Le filtrage prévu par l'article 17 pris pour cible
Le recours (C-491/19) a été introduit le 24 mai 2019 devant les juridictions européennes. Précisément, la Pologne demande l’annulation de plusieurs dispositions de l’article 17. Il s’agit de son paragraphe 4, sous b) mais aussi d’une phrase du point c), en gras dans cet extrait :
« b) [les opérateurs de plateformes] ont fourni leurs meilleurs efforts, conformément aux normes élevées du secteur en matière de diligence professionnelle, pour garantir l'indisponibilité d'œuvres et autres objets protégés spécifiques pour lesquels les titulaires de droits ont fourni aux fournisseurs de services les informations pertinentes et nécessaires; et en tout état de cause
c) ils ont agi promptement, dès réception d'une notification suffisamment motivée de la part des titulaires de droits, pour bloquer l'accès aux œuvres et autres objets protégés faisant l'objet de la notification ou pour les retirer de leurs sites internet, et ont fourni leurs meilleurs efforts pour empêcher qu'ils soient téléversés dans le futur, conformément au point b »

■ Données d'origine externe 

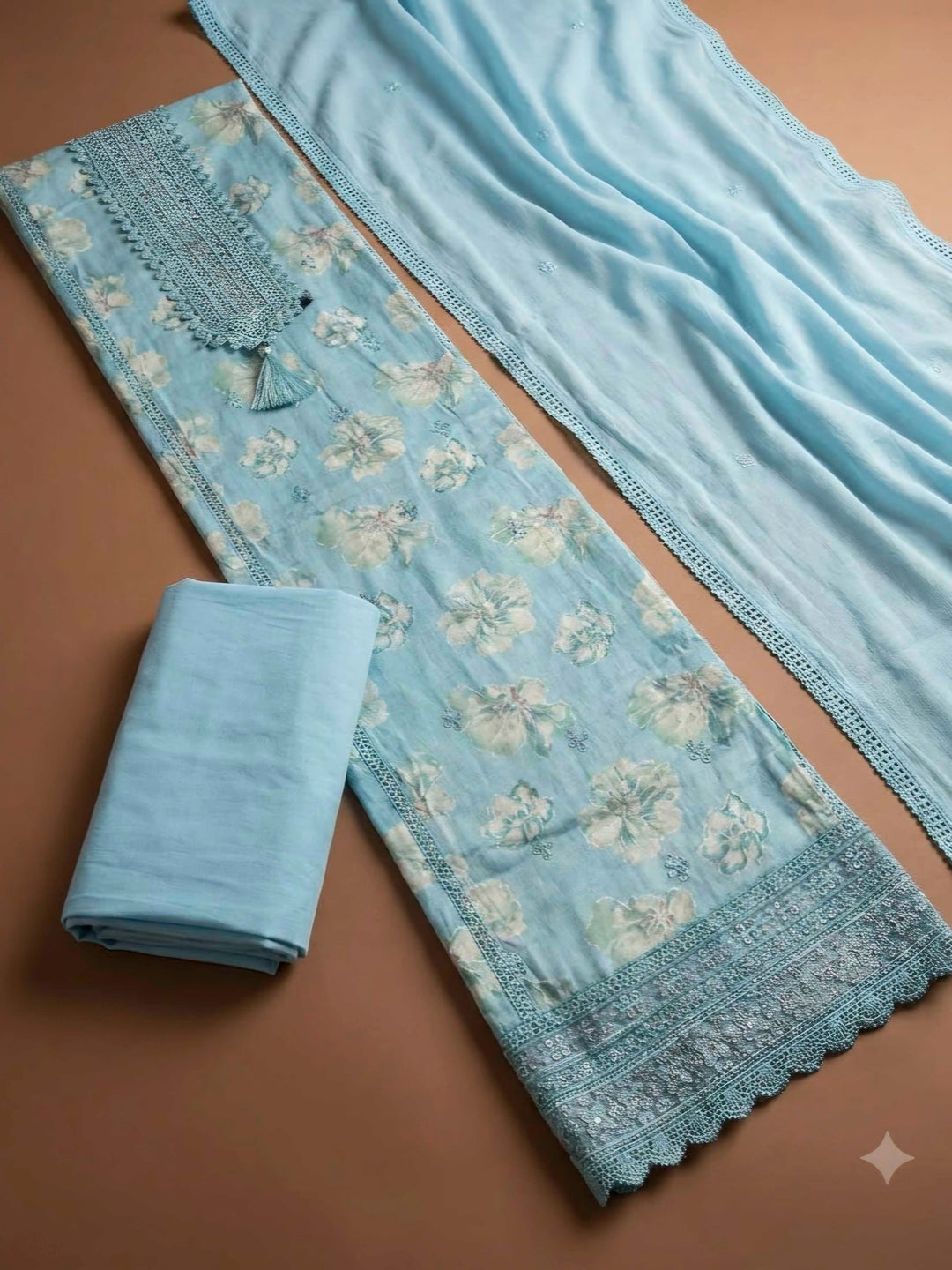 Blue Cotton Blend Printed Unstitched Dress Material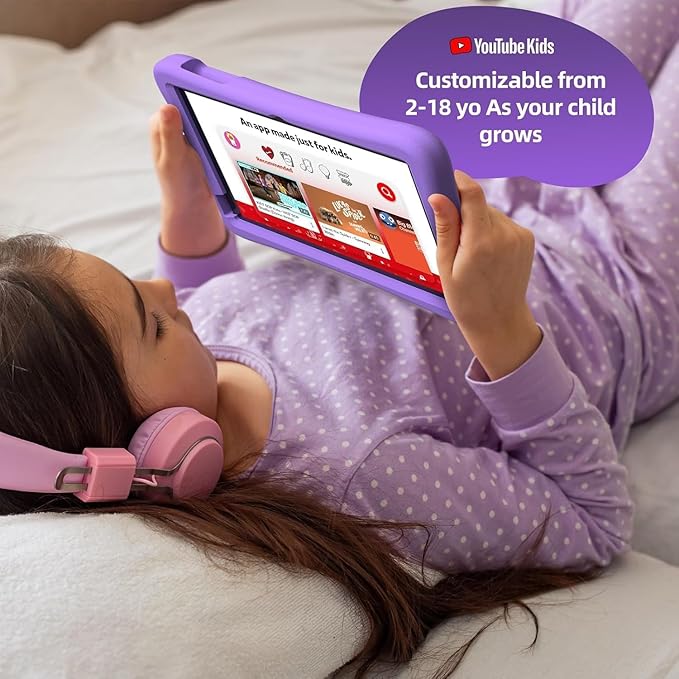 plimpton 2025 Upgraded Kids Tablet, 10 Inch Android 15 Tablet for Kids with Case Included, Octa-Core, Google Kids Space, Parental Control, 4GB+64GB, WiFi, BT5.3, YouTube, Gift for Toddler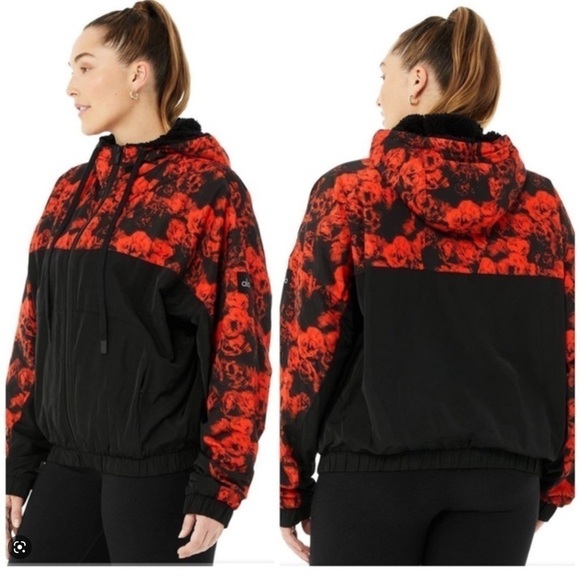 Alo yoga ROSES FREERIDER JACKET cherry and black color Small - Picture 1 of 14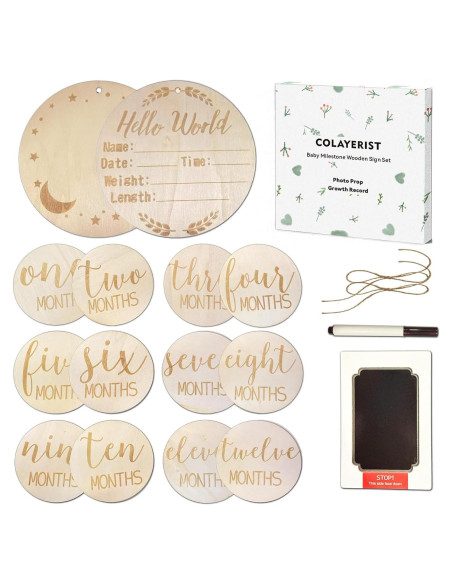 Juego de 12 Señales de Hito Mensual para Bebés - Madera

À titre subsidiaire, « si la Cour devait considérer que les dispositions attaquées ne peuvent être dissociées des autres dispositions figurant à l’article 17 », le demandeur conclut à son annulation intégrale.
Comme l’a montré notre schéma explicatif, ces deux briques contraignent les hébergeurs d’une part à rendre indisponible les contenus épinglés par les titulaires de droits, d’autre part à empêcher leur réapparition. Le gros mot « filtrage » a été soigneusement évité, mais le texte s’oriente bien vers cette solution. Emmanuel Macron et le gouvernement l’ont depuis expressément admis... après le vote au Parlement européen.

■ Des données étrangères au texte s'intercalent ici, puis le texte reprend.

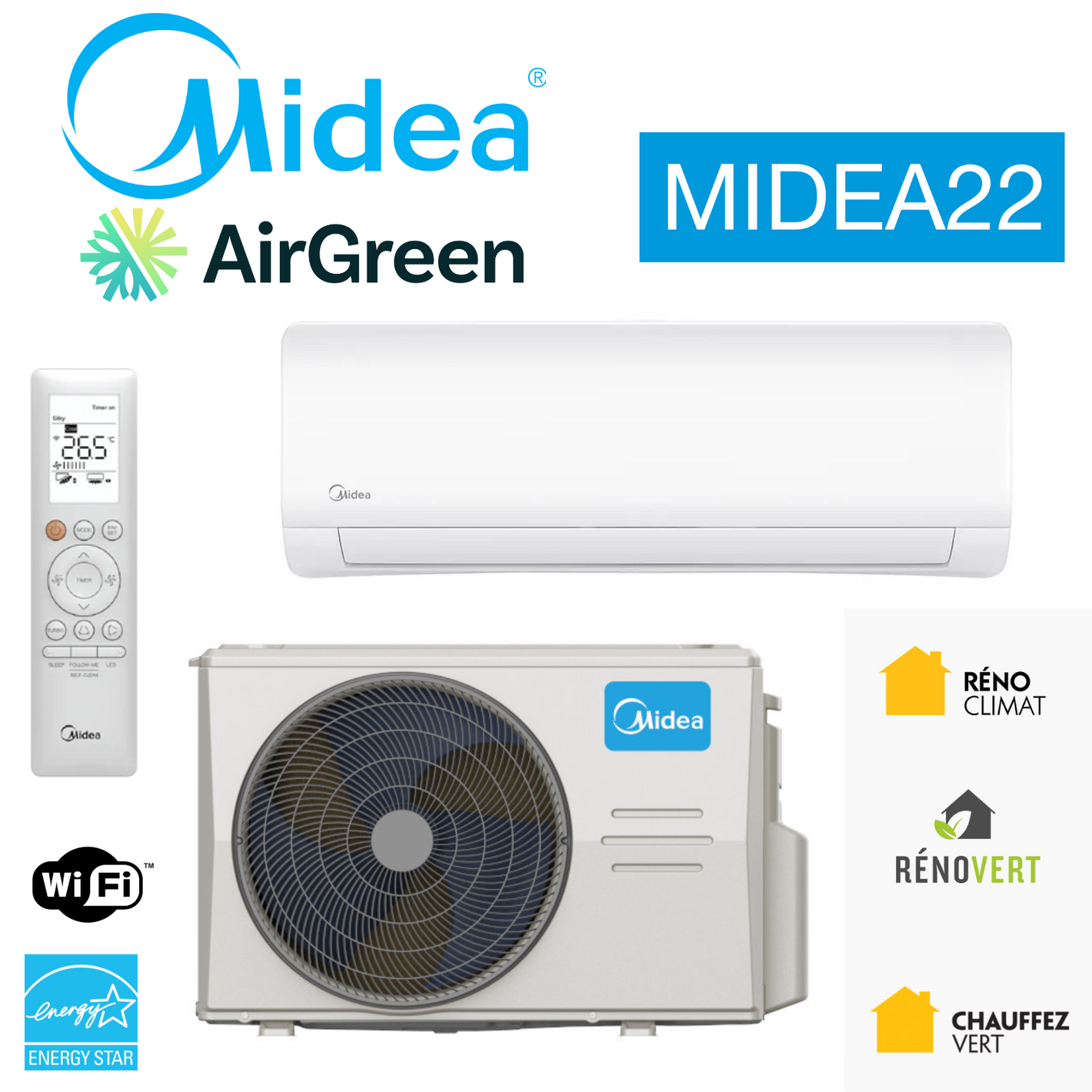 Mini Split MIDEA22 | Montréal, Laval, Rive Sud, Rive Nord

Violation du droit à la liberté d'expression et d'information
Mais que reproche exactement la République de Pologne, elle-même mise en cause régulièrement ? Elle « invoque, contre les dispositions attaquées de la directive 2019/790, un moyen tiré de la violation du droit à la liberté d’expression et d’information garanti par l’article 11 de la charte des droits fondamentaux de l’Union européenne ». En somme, elle craint une atteinte disproportionnée à la liberté d’expression et d’information.
Les dispositions mis en exergue dans cette procédure ont « pour conséquence – afin d’éviter la mise en cause de leur responsabilité – que les fournisseurs de services doivent procéder à une vérification automatique préalable (filtrage) des contenus partagés en ligne par les utilisateurs, ce qui implique par conséquent de mettre en place des mécanismes de contrôle préventif ».
Or, selon la Pologne, « de tels mécanismes mettent en cause l’essence même du droit à la liberté d’expression et à l’information et ne respectent pas l’exigence de proportionnalité et de nécessité de toute atteinte à ce droit ».
« La directive mentionne clairement qu'un équilibre doit être recherché entre les droits énoncés dans la Charte des droits fondamentaux de l'Union européenne, en particulier la liberté d'expression, la liberté de l'art et le droit à la propriété » expose au contraire article.13.info. Mis en ligne lors des débats par les lobbies des industries culturelles, ce site partisan assure que « la liberté d'expression est protégée contre le blocage automatique; vous pourrez toujours vous distraire en ligne ».
Une France au pas de course
Nous n’en sommes ici qu’au tout début de cette procédure. Dans quelques mois, voire plus, l’avocat général rendra son opinion, laquelle sera suivie dans le même laps de temps par l’arrêt de la cour. En attendant, le chantier de la transposition avance à grands pas en France.
Qu'on en juge. En mars, une mission sur la reconnaissance des contenus a été lancée au Conseil supérieur de la propriété littéraire et artistique, et ce dès le lendemain du vote au Parlement européen !
Le 20 juin, nous dévoilions le coeur de l’avant-projet de transposition de l’article 17, lui aussi déjà sur la rampe.
Un mois plus tard, nous publiions cette fois la future « Hadopi 3 », qui sera intégrée à la loi sur l’audiovisuel, attendue pour 2020. Une Hadopi revigorée qui devrait être appelée à intervenir d’une part pour contrôler ces mesures de filtrage et d’autre part, arbitrer les différends entre YouTubers ayant vu leurs vidéos retirées et les titulaires de droits.